Bearing in mind the difficulties recently faced by the Spanish anarchists in the Spanish Revolution and Civil War, at the beginning of the Second World War Herbert Read warned against the revolutionary seizure of power, instead looking forward to “a spontaneous and universal insurrection” (Volume Two, Selection 1), but one which would employ nonviolent methods, for people “cannot struggle against” the modern state, armed with atomic bombs, “on the plane of force… Our action must be piecemeal, non-violent, insidious and universally pervasive” (Volume Two, Selection 36). Alex Comfort took a similar position, arguing that the “very states which are able to make and use atomic weapons are singularly vulnerable, by their very complexity, to the attacks of individual disobedience” (Volume Two, Selection 12).
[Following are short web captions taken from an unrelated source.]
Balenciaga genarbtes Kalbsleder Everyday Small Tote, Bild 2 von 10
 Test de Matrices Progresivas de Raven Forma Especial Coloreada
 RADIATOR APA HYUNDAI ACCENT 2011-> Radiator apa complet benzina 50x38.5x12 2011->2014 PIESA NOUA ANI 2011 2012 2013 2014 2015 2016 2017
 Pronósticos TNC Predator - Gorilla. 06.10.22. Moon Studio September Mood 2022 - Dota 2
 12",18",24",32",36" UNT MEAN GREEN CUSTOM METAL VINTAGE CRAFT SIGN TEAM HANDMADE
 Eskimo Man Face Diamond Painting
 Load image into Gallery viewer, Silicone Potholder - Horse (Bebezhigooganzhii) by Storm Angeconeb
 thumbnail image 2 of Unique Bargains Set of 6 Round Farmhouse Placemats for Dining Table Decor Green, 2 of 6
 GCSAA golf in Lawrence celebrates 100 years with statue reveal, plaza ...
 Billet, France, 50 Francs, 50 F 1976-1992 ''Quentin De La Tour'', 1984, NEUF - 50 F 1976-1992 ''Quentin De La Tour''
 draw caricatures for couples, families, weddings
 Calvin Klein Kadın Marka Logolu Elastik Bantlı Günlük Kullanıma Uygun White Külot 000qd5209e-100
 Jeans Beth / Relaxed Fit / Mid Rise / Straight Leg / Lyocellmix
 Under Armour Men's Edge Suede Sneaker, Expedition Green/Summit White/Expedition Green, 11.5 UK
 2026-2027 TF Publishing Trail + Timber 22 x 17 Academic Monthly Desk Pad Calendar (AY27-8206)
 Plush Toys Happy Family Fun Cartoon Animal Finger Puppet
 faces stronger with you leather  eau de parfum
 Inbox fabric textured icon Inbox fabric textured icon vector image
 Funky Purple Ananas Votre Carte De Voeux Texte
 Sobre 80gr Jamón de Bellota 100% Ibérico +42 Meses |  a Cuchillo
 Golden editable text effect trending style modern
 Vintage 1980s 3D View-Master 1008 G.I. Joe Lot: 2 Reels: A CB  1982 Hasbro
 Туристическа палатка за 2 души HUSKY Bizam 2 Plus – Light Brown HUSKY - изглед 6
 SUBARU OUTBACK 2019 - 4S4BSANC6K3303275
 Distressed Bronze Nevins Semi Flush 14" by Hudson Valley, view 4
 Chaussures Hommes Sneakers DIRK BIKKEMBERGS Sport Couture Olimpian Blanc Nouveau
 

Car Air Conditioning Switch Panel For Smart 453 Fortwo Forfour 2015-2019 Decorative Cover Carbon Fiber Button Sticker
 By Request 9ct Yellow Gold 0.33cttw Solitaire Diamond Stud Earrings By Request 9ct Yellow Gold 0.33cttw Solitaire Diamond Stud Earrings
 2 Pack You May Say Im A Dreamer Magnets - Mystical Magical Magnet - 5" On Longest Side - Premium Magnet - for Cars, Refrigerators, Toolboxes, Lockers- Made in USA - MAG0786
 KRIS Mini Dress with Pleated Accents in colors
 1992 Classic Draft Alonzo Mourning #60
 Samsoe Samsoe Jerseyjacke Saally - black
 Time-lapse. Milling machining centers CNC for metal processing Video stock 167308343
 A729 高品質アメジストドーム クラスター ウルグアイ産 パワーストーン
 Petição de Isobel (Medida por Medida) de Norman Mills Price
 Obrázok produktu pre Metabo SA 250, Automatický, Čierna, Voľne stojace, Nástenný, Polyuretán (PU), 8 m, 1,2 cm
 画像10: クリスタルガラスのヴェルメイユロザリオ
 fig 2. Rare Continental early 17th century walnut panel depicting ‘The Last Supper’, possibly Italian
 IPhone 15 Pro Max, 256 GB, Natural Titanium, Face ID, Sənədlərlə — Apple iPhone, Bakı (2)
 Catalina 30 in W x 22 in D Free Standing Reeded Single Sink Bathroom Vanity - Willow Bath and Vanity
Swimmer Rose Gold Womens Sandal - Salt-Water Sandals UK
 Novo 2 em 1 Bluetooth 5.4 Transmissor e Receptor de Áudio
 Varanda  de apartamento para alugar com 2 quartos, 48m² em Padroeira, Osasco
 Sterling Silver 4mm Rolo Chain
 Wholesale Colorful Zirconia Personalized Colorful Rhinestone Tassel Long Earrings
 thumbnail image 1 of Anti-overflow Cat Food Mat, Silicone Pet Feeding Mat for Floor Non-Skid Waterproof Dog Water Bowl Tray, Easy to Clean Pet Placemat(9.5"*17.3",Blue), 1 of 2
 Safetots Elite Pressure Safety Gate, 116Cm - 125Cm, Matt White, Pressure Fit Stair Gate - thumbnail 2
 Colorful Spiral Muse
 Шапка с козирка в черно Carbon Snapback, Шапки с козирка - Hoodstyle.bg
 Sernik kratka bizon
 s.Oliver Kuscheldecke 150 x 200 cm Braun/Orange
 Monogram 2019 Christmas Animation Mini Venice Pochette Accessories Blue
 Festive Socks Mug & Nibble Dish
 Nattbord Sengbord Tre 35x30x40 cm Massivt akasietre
Paul Goodman described this process as “Drawing the Line, beyond which [we] cannot cooperate.” But although we “draw the line in their conditions; we proceed on our conditions,” replacing “the habit of coercion [with] a habit of freedom… Our action must be aimed, not at a future establishment; but… at fraternal arrangements today, progressively incorporating more and more of the social functions into our free society,” for the creation of a “free society cannot be the substitution of a ‘new order’ for the old order; it is the extension of spheres of free action until they make up most of the social life” (Volume Two, Selection 11).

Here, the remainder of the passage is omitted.